PROVIDED DATA START

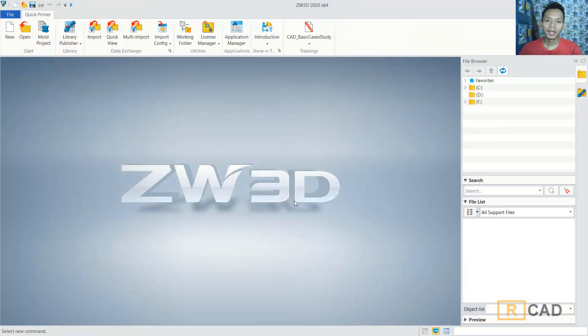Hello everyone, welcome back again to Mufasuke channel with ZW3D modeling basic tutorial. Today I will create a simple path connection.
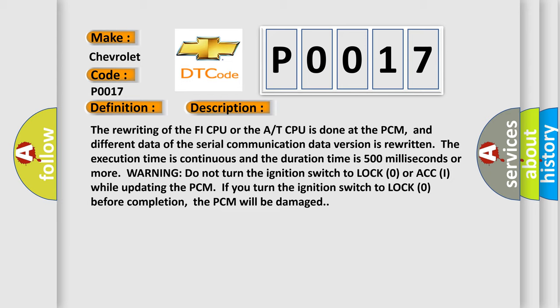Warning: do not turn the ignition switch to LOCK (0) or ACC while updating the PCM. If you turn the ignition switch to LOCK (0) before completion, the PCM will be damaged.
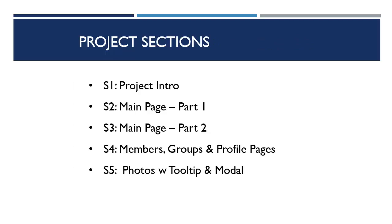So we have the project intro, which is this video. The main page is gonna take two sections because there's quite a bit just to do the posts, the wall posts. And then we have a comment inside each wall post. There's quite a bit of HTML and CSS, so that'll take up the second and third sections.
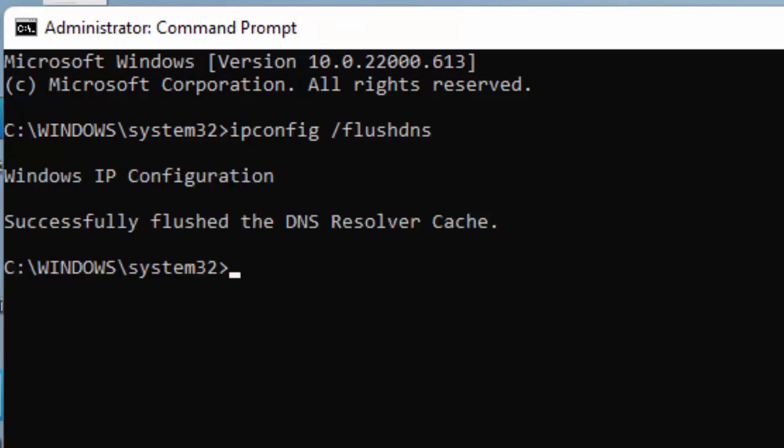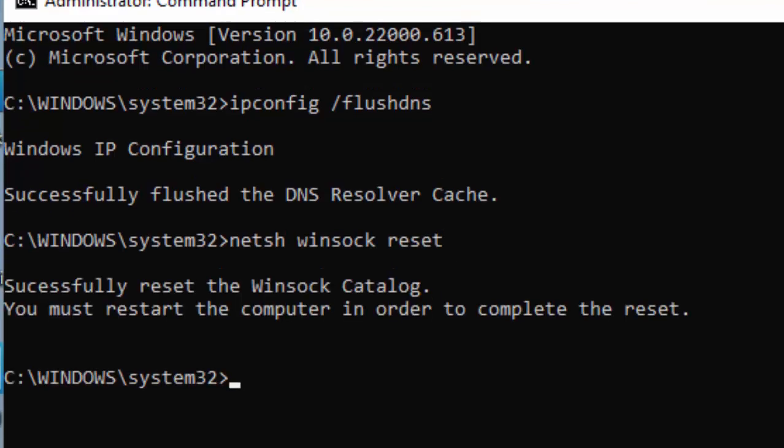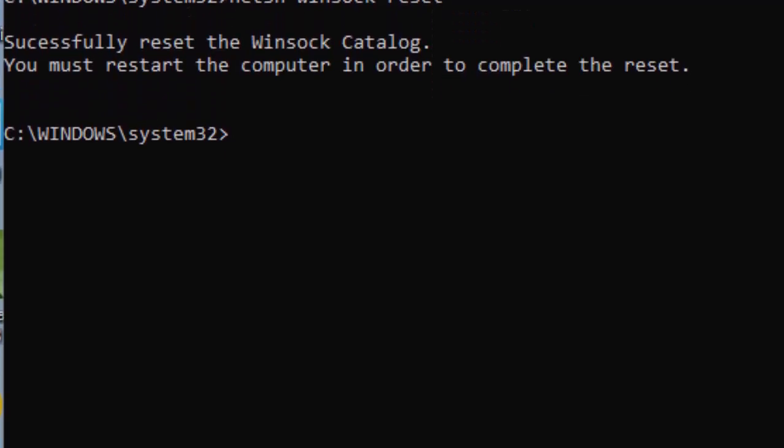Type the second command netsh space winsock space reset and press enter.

PROVIDED DATA END
PROVIDED DATA START

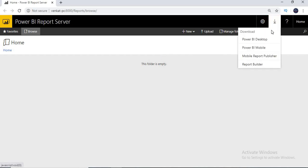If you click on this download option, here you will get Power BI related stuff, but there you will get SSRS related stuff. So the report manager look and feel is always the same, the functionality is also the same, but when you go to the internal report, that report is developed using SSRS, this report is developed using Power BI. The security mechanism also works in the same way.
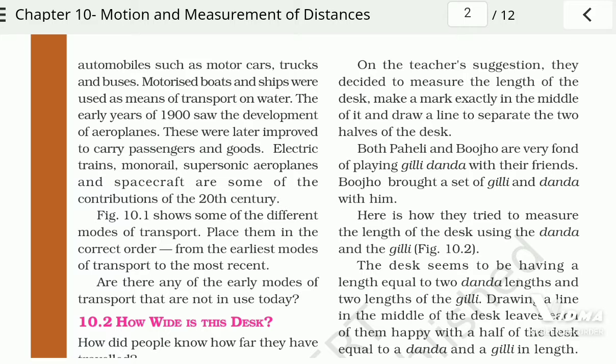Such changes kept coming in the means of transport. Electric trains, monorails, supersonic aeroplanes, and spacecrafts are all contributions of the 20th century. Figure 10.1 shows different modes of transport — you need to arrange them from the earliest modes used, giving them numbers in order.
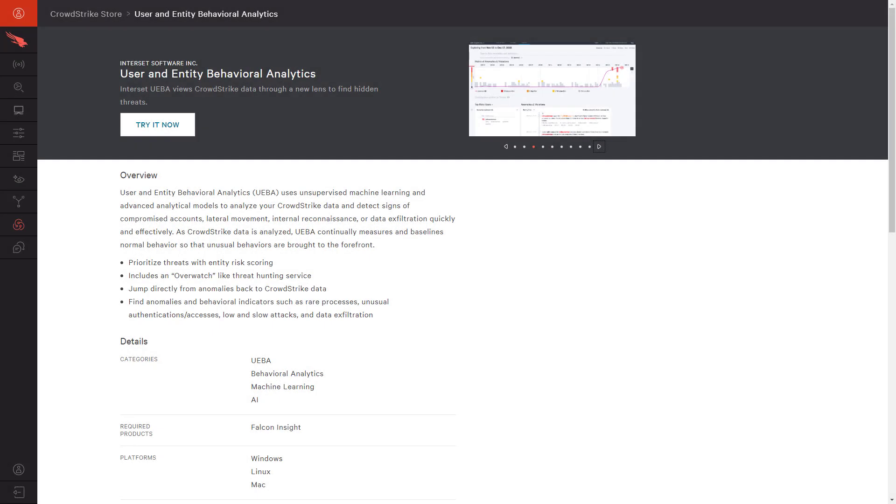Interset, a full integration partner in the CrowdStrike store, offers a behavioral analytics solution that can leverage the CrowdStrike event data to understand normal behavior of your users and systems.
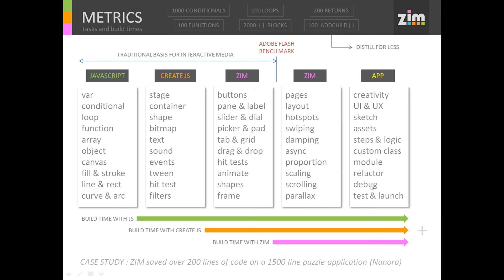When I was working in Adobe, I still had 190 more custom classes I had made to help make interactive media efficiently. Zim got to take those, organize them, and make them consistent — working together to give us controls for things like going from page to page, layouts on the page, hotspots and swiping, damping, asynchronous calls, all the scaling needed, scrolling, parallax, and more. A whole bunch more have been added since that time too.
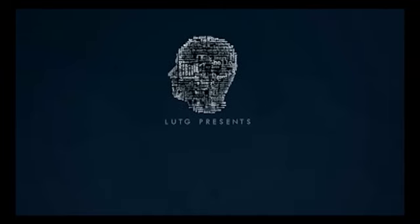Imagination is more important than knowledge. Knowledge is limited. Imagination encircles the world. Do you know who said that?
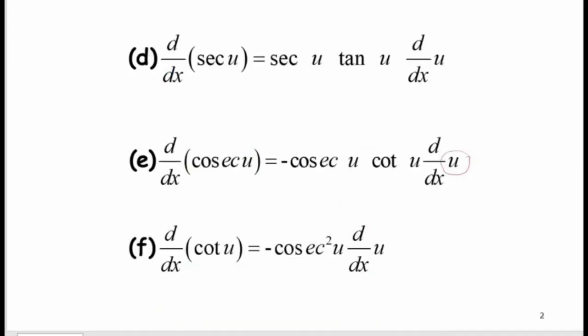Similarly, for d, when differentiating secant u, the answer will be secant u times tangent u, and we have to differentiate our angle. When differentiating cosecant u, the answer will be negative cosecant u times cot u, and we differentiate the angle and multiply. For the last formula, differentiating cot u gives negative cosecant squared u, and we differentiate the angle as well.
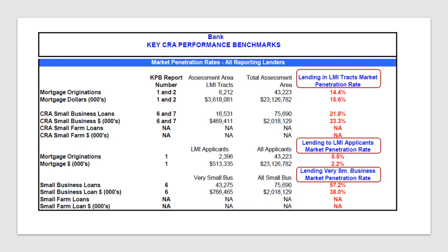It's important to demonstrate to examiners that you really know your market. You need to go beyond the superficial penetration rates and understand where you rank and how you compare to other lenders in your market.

PROVIDED DATA END

PROBLEM STATEMENT: In the listing above, find the line containing "Interset, a full" and the line containing "Imagination is more". Reproduce those lines and all between them exactly, with no pictures and nothing more.

OUTPUT BELOW:
Interset, a full integration partner in the CrowdStrike store, offers a behavioral analytics solution that can leverage the CrowdStrike event data to understand normal behavior of your users and systems.
When I was working in Adobe, I still had 190 more custom classes I had made to help make interactive media efficiently. Zim got to take those, organize them, and make them consistent — working together to give us controls for things like going from page to page, layouts on the page, hotspots and swiping, damping, asynchronous calls, all the scaling needed, scrolling, parallax, and more. A whole bunch more have been added since that time too.
Imagination is more important than knowledge. Knowledge is limited. Imagination encircles the world. Do you know who said that?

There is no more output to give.